1. An army marches on its stomach

A peckish workforce is a distracted one. Making an effort to have some snacks and refreshments on hand will reduce the likelihood of people needing to pop out for coffee runs, or staring longingly at the clock as they wait for lunch.

Popular options include fruit bowls, a beer fridge, or a coffee machine. But if you feel your office suits more of a ‘bowls of candy and chocolate dotted around the place’ kind of vibe then we wouldn’t judge you for that.

2. Build a community

You’ve heard the saying “don’t choose a job, pick a boss”. Well, why stop there? A healthy community at work will help boost productivity, increase loyalty, and help your team hold together through challenging times.

Making sure your staff have the space to step away from the desk and engage with each other will help lay the foundations of a solid company community and there are many ways you can do this. Office ping-pong tables are a fun staple of nearly every start-up on the planet, but something as simple as a breakout area with more relaxed seating will help ideas and open exchanges flow a little more freely.

3. Don’t forget your introverts

When building an environment at a company, it’s easy to listen to what the loud voices want (they’ll tell you). But that doesn’t mean their ideas are suitable for everyone. A diverse workforce will include introverts, whose personalities (and maybe other boundaries) need to be respected. The idea of being forced to break out of some of their comfort zones will be genuinely unappealing to many them, and will not garner the same results as someone more comfortable in extroverted activities.

Allowing anonymous feedback or suggestions for changes to the office culture may encourage people to put forward their opinions who may not be comfortable putting their hand up in big groups.

In terms of social activities, these will vary depending on the individuals, but options to explore could include more reflective experiences or opportunities to work in smaller teams on a task. Escape Rooms, crafts, or simply a more relaxing trip may suit them more, and help them integrate with your team better than another endless night of beer pong and karaoke.

4. Break bread to smash targets

A team eating together isn’t just a nice activity to have one lunchtime, it also increases relationships across teams and ensures people get a chance to properly recharge their batteries over their lunch break.

Options here could include getting a takeout together on the first Friday of the month, or maybe all agree to bring a dish to share. If lunch doesn’t work for you, then breakfast clubs or a pizza at the office at the end of the day could be an alternative.

5. A flexible social budget

You can’t run a giant event for your whole company every month, but it’s still good for teams or departments to have some sort of bonding outside of company time. So why not put it in their control? Set a monthly social budget for each team, based on the number of people.

If they want to go out for a burger and some drinks every month with it, that’s up to them. If they’d rather build up their budget for three months so that they can go see a musical, enjoy the best restaurant in town, or just go to a theme park, they could do that also.

6. (Your staff will) thank you for the music

A Vision Critical study found that 65% of businesses say that music in the workplace makes us more productive.[1] Do you need a better excuse to kick out the jams?

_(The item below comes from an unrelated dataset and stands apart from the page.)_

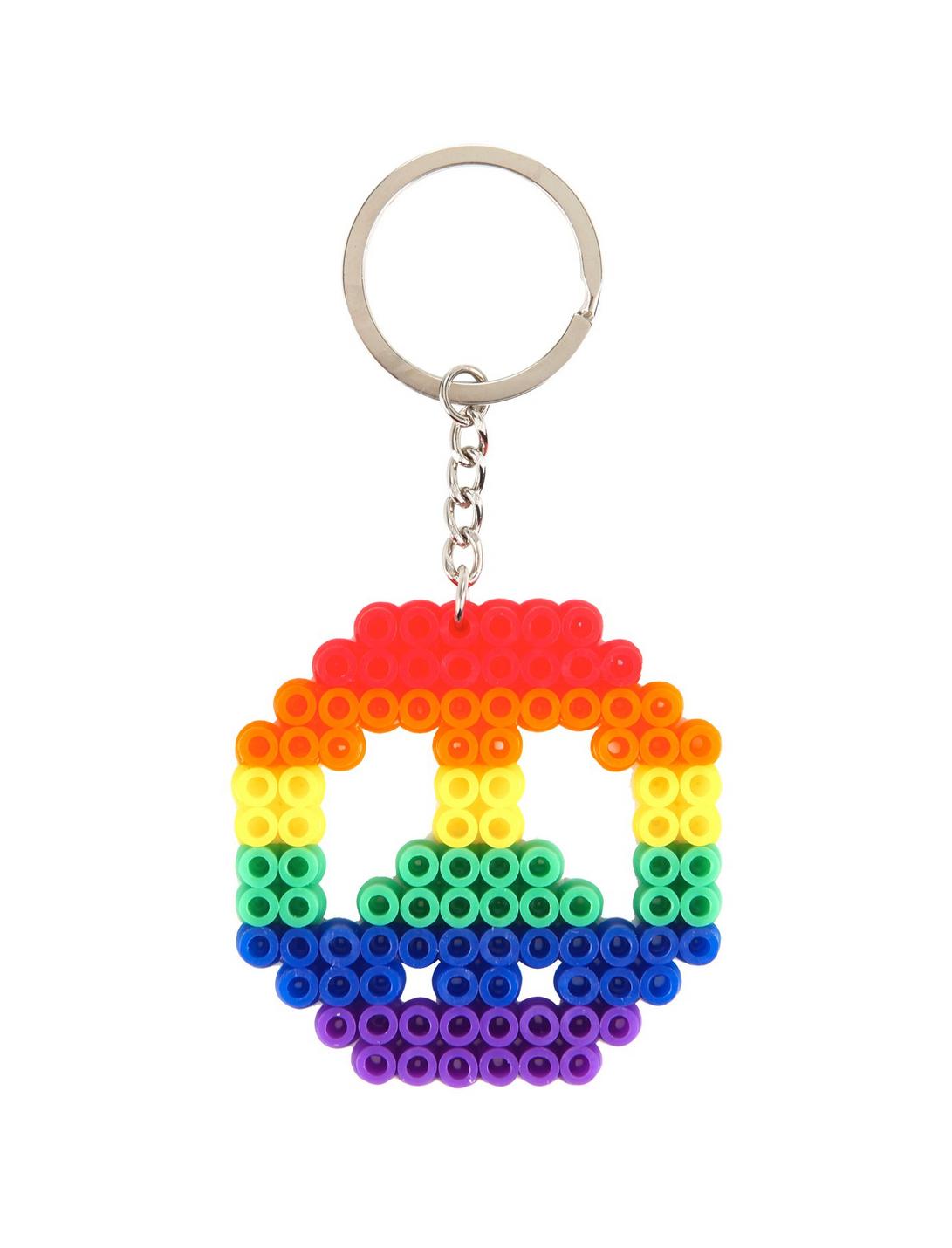 Rainbow Peace Sign Plastic Bead Key Chain, , hi-res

To avoid squabbles over the speaker, it’s best to set up a team/office playlist that everyone can contribute an agreed number of songs to, or perhaps set a rota. Depending on your company, you may also want to consider some basic guidelines on what can be played on the office stereo. This is especially pertinent if clients visit often and you don’t want them to endure a 25 minute jazz-funk odyssey that your CEO wrote in college.

Before rigging up a sound system to rival The O2 Arena’s, it is worth checking whether or not you need to pay PRS for the right to play music in a public place.

Make it yours

In implementing each of these, look for the opportunities to personalise these tweaks to suit your company. You may find that what works in most places can be improved and made more relevant when your own team puts their heads together for it.